■ **Your objective**:
Return an exact copy of the data, starting at its first line and ending at the line that contains "LOVE VIBES PARTY", minus any pictures.

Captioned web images
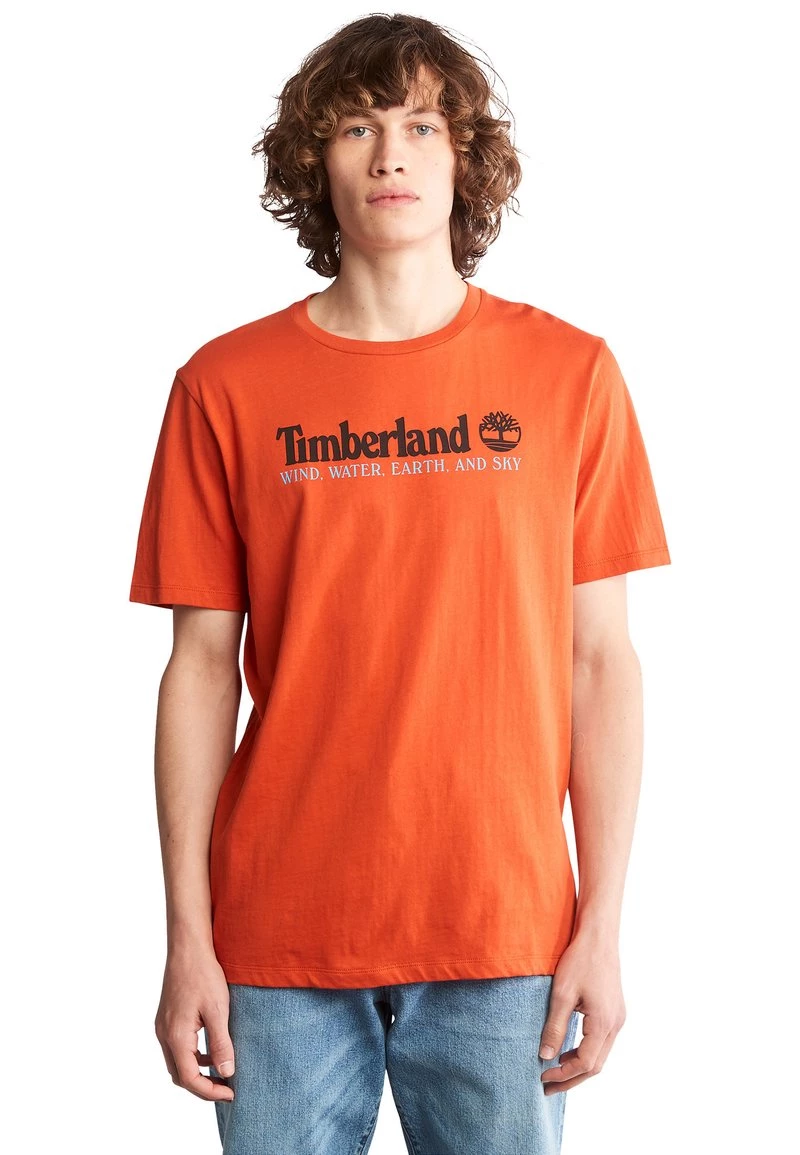 Timberland Uomo WWES FRONT TEE - T-shirt Con Stampa - Burnt Ochre 5 Timberland Uomo WWES FRONT TEE - T-shirt Con Stampa - Burnt Ochre - immagine 5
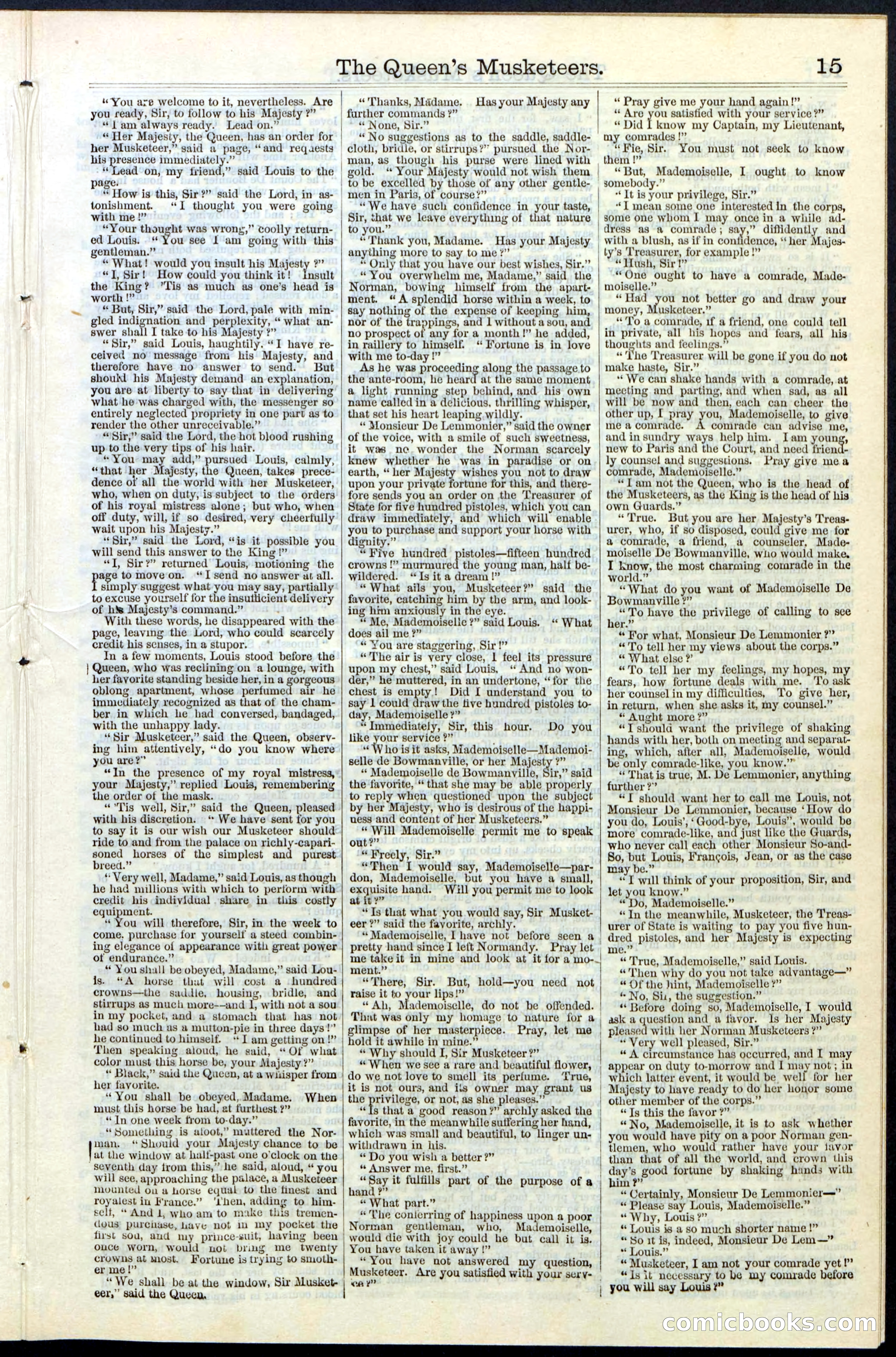 Beadle's New York Dime Library, No. 76 — page 15 of 32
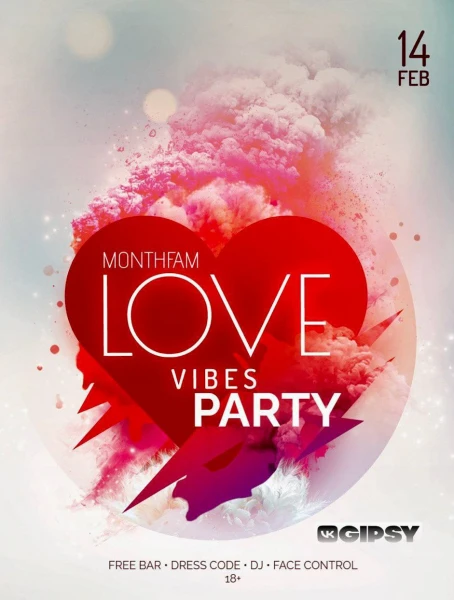 MONTHFAM  LOVE VIBES PARTY 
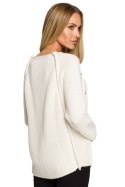 Sweter Damski Model MOE712 Kość słoniowa - Moe - S/M Sweter Damski Model MOE712 Kość słoniowa - Moe - S/M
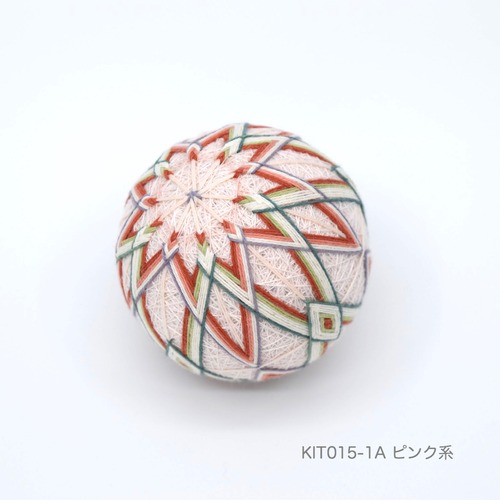 手まりキット「やさしい交差花」（テキストあり）_KIT015-1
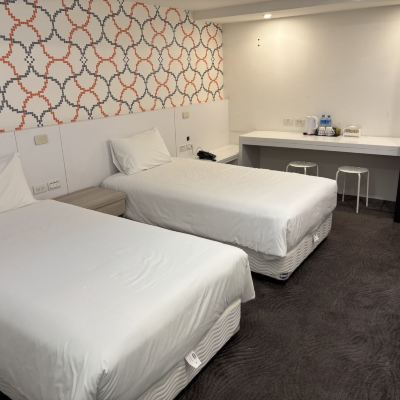 豪華雙床房 雀客快捷台北永康優惠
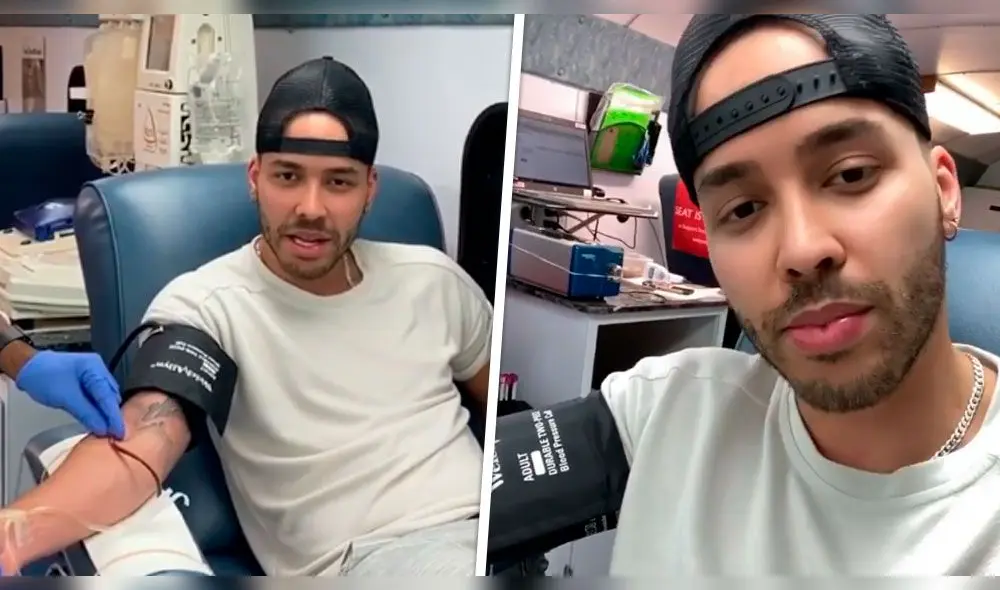 "Una donación podría salvar hasta tres vidas", escribió el cantante estadounidense en su publicación. Foto: composición / Instagram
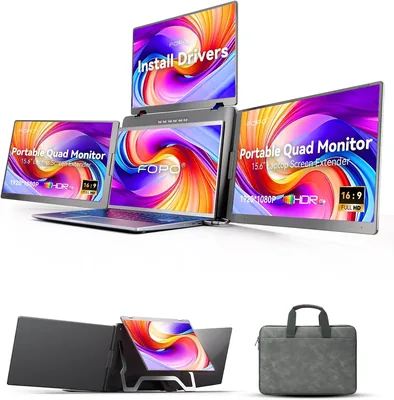 1080P FHD Portable Monitor - Laptop Screen Extender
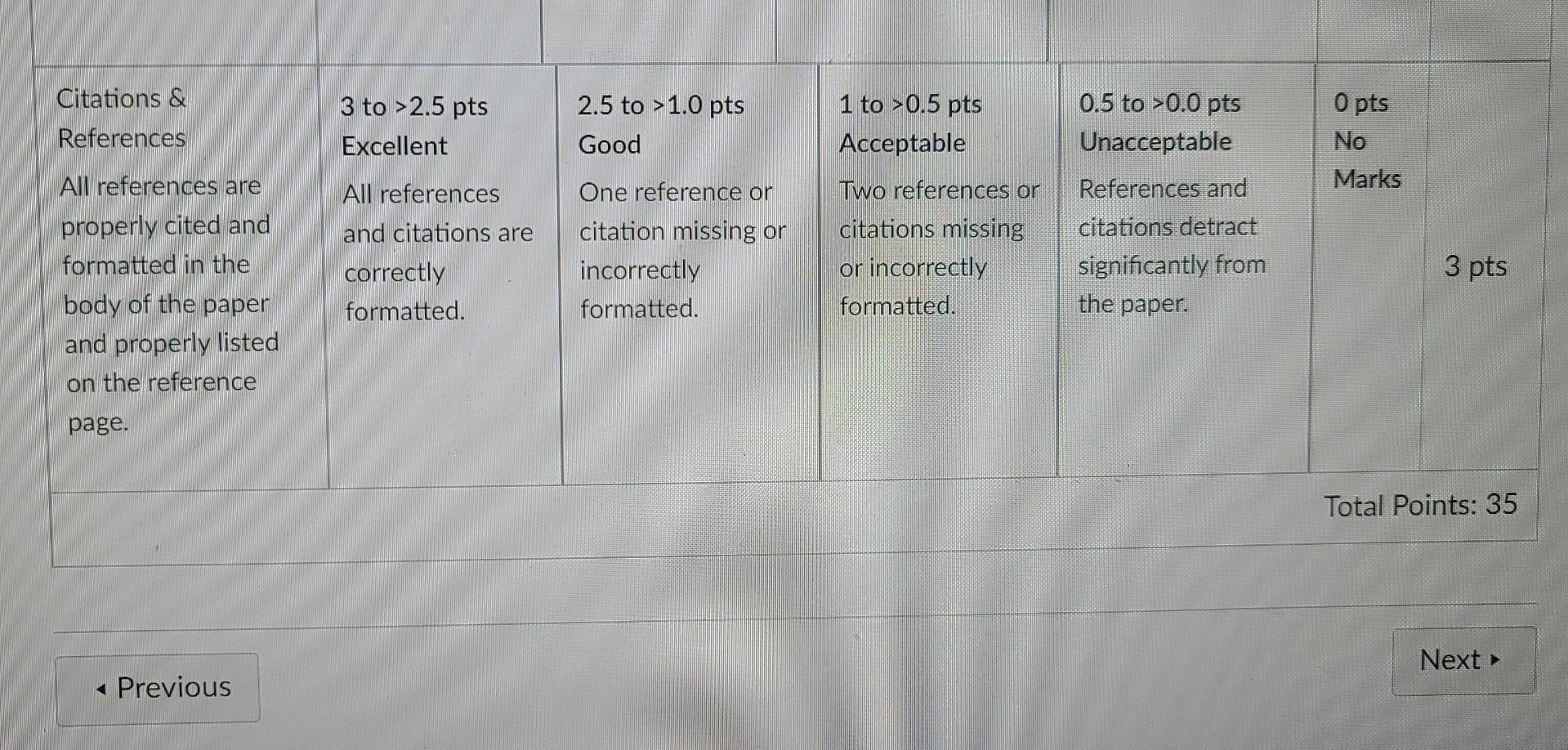 references. The text can be one reference. The paper is due Sunday,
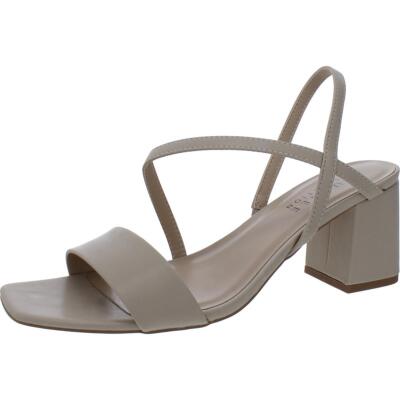 Journee Collection Womens Beige Block Heels Shoes 9.5 Medium (B,M) BHFO 3196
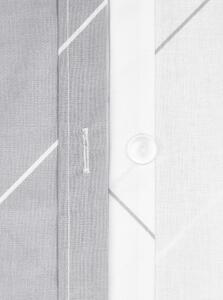 Bielo-sivé obliečky na dvojlôžko z ranforce bavlny by46 Marla, 200 x 200 cm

■ **Solution for this task**:
 Timberland Uomo WWES FRONT TEE - T-shirt Con Stampa - Burnt Ochre 5 Timberland Uomo WWES FRONT TEE - T-shirt Con Stampa - Burnt Ochre - immagine 5
 Beadle's New York Dime Library, No. 76 — page 15 of 32
 MONTHFAM  LOVE VIBES PARTY 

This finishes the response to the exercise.